[TASK TO CARRY OUT]
Make an exact copy, from the records below, of the lines from the line containing "Trumps同僚の誕生日おもしろいプレゼント コーヒーマグカップ (正面左)" to the line containing "w Meal RSVP", both lines included, excluding pictures.

[THE INPUT]
■ ■ ■ ■ ■
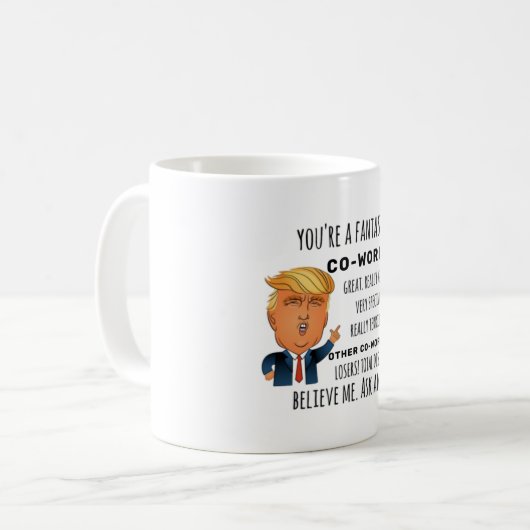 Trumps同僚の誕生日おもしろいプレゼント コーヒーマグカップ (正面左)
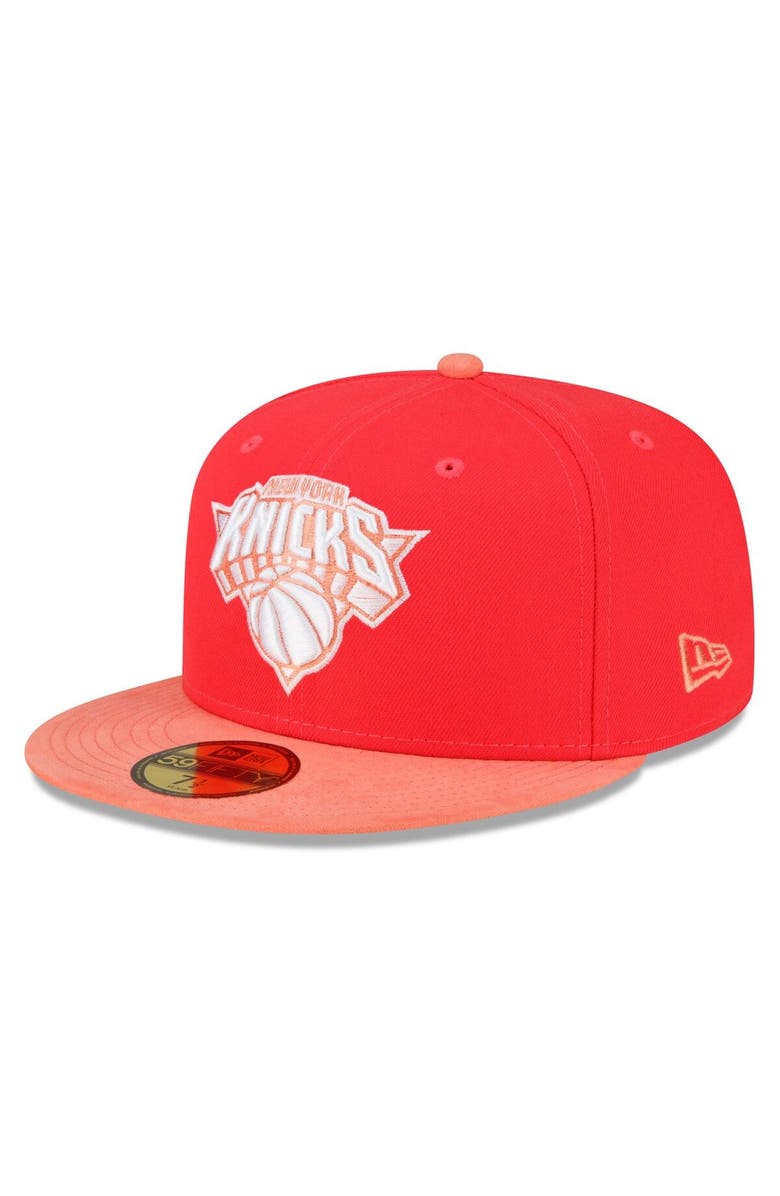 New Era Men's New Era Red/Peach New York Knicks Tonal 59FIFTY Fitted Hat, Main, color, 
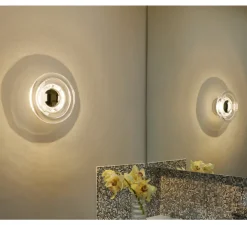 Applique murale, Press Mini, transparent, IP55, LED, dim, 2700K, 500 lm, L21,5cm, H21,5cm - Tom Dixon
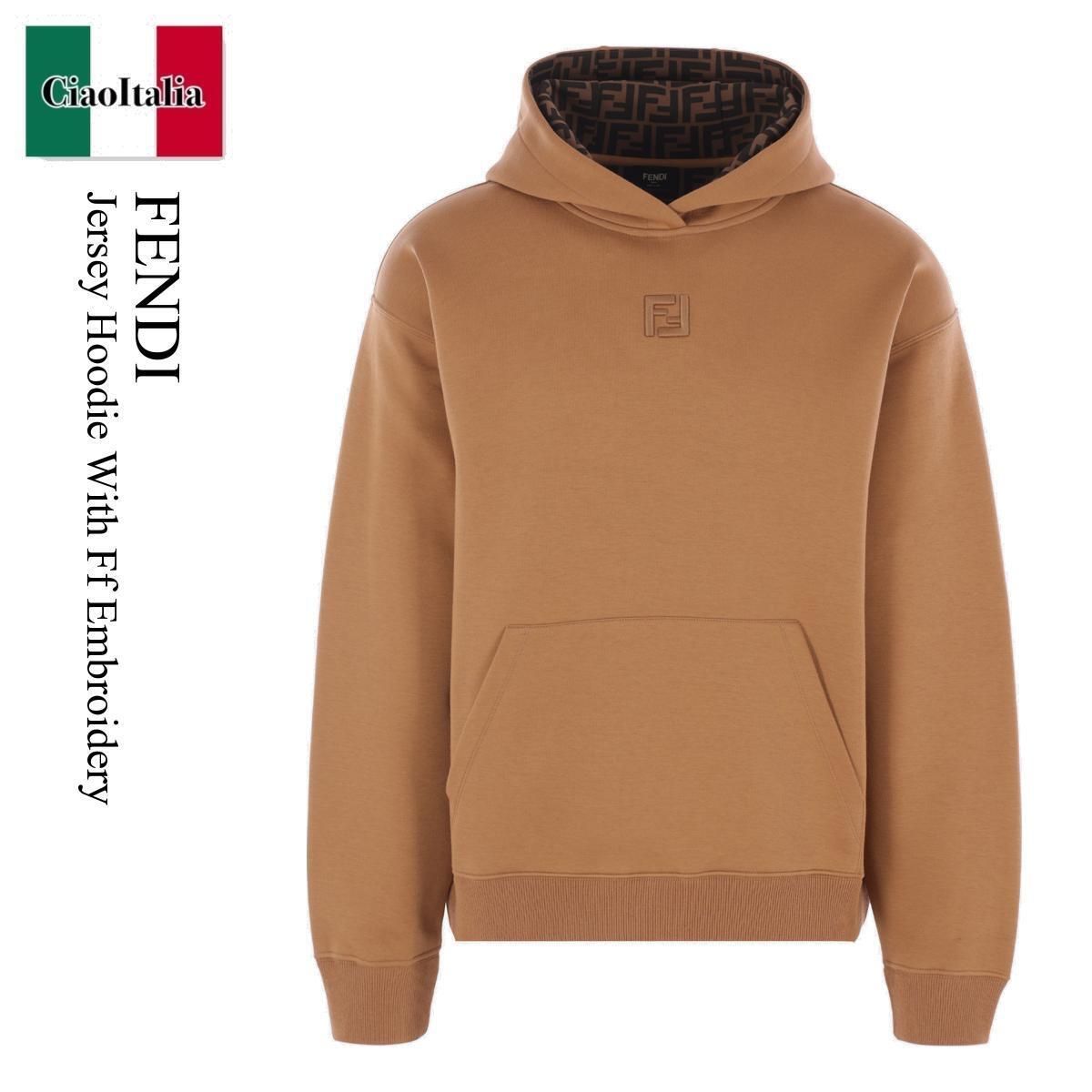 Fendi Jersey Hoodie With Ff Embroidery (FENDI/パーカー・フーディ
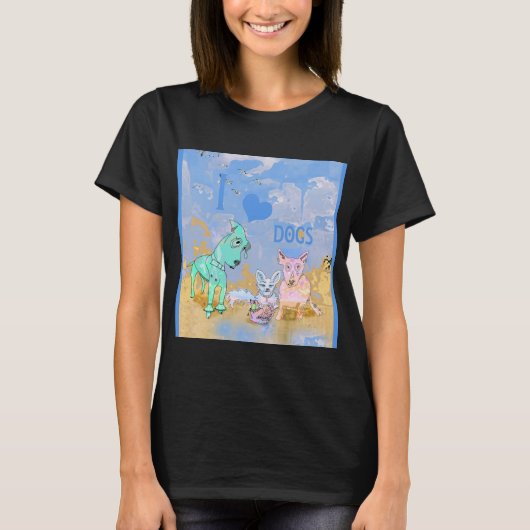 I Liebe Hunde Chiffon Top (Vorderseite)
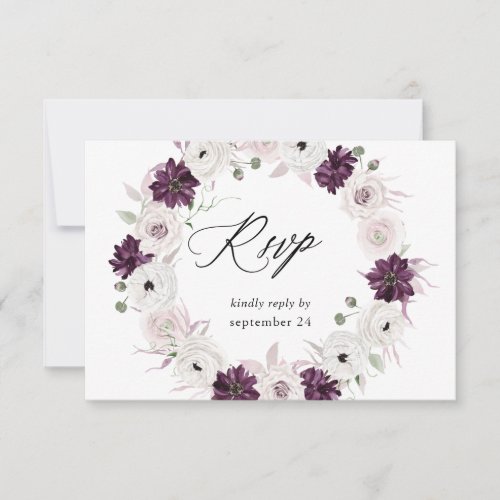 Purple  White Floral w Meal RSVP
■ ■ ■ ■ ■
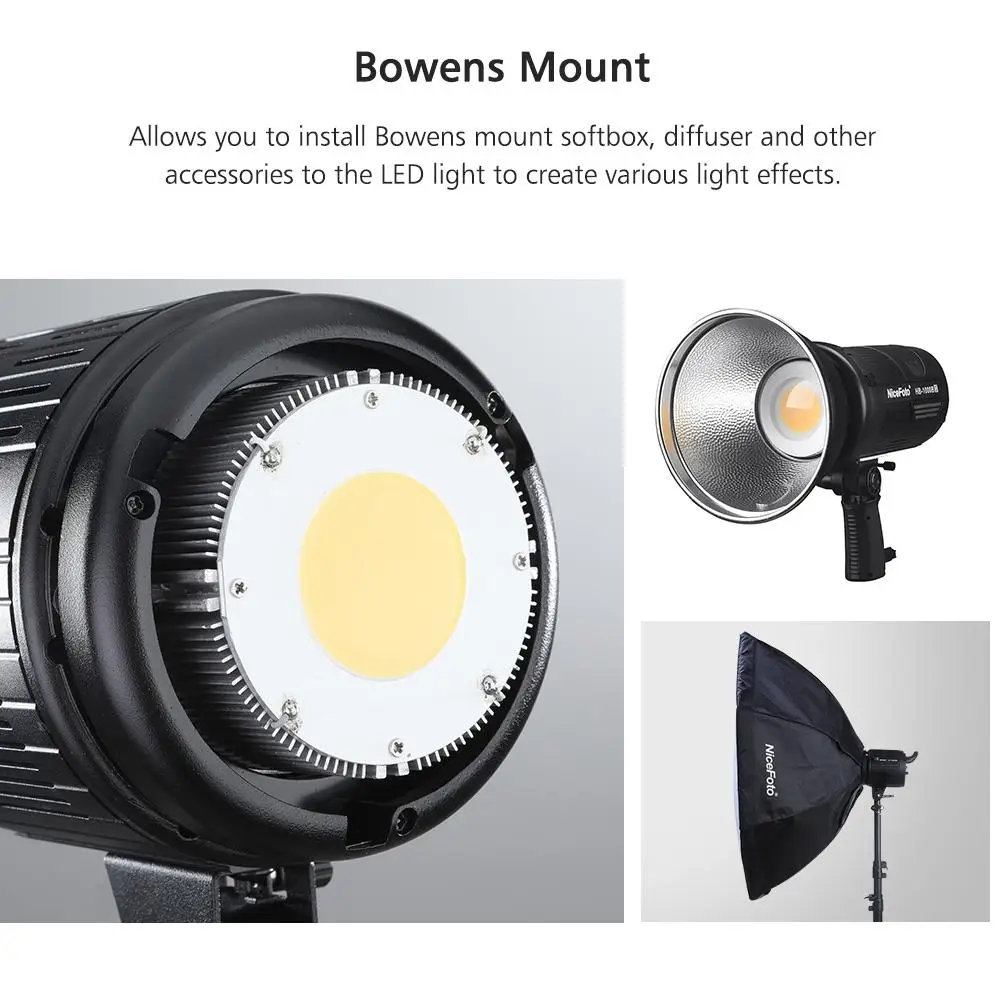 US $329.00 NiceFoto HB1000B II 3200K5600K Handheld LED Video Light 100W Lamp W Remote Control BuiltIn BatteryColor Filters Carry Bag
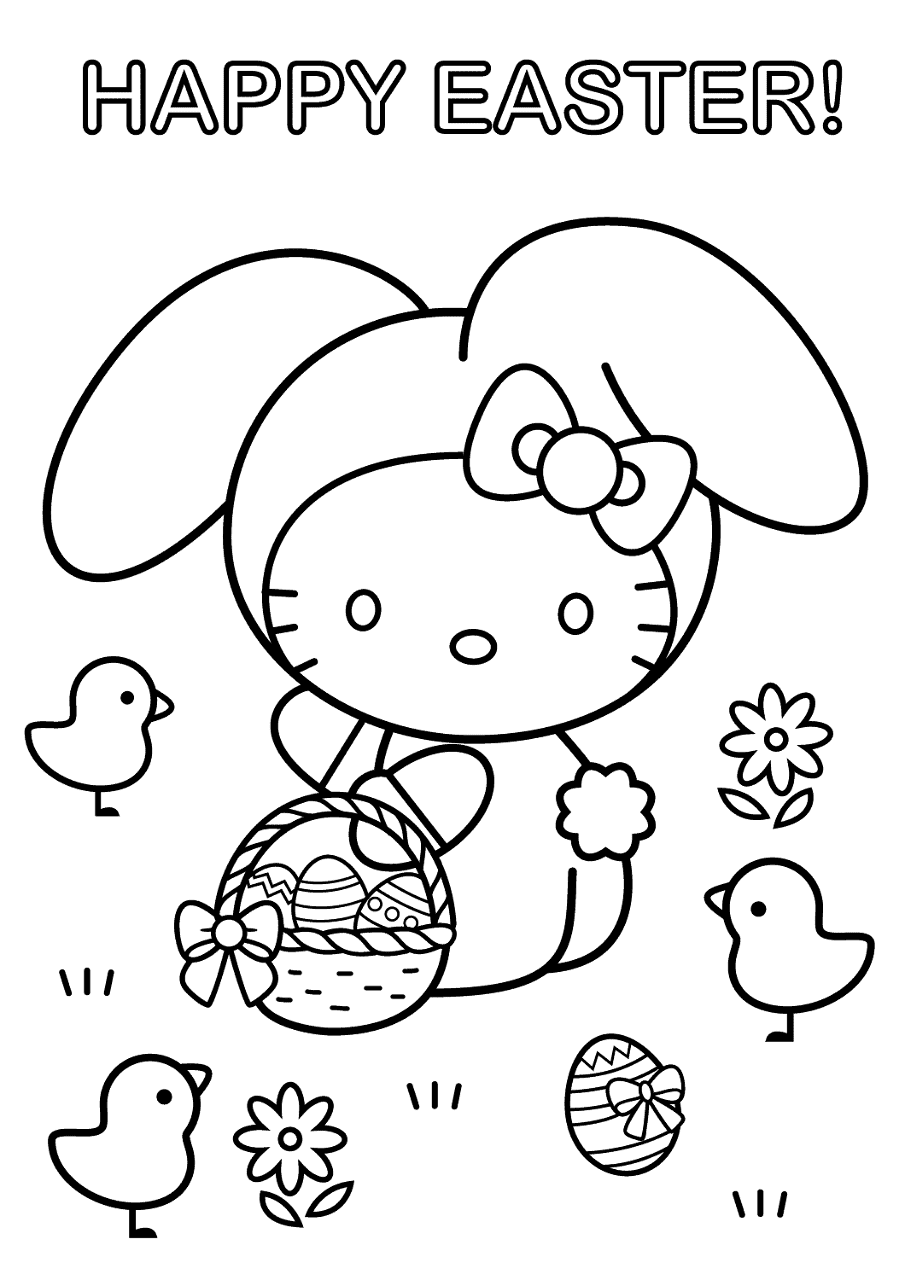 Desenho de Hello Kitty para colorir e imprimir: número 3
■ ■ ■ ■ ■
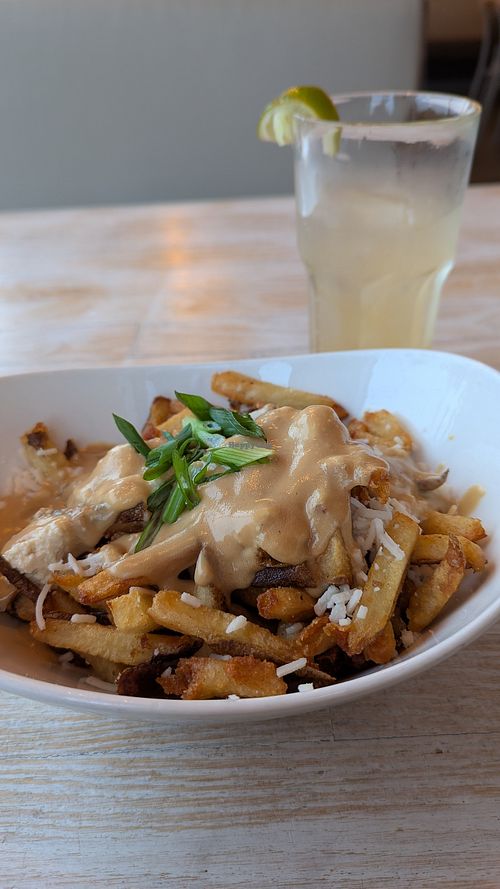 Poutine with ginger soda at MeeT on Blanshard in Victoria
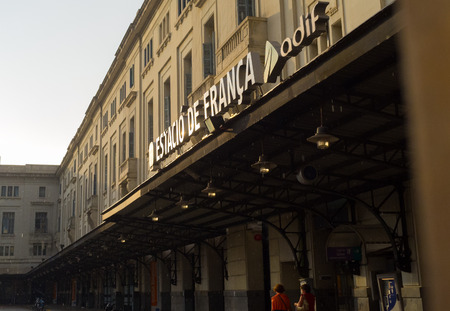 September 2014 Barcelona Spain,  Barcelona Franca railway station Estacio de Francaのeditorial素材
■ ■ ■ ■ ■
[ANSWER SECTION]
 Trumps同僚の誕生日おもしろいプレゼント コーヒーマグカップ (正面左)
 New Era Men's New Era Red/Peach New York Knicks Tonal 59FIFTY Fitted Hat, Main, color, 
 Applique murale, Press Mini, transparent, IP55, LED, dim, 2700K, 500 lm, L21,5cm, H21,5cm - Tom Dixon
 Fendi Jersey Hoodie With Ff Embroidery (FENDI/パーカー・フーディ
 I Liebe Hunde Chiffon Top (Vorderseite)
 Purple  White Floral w Meal RSVP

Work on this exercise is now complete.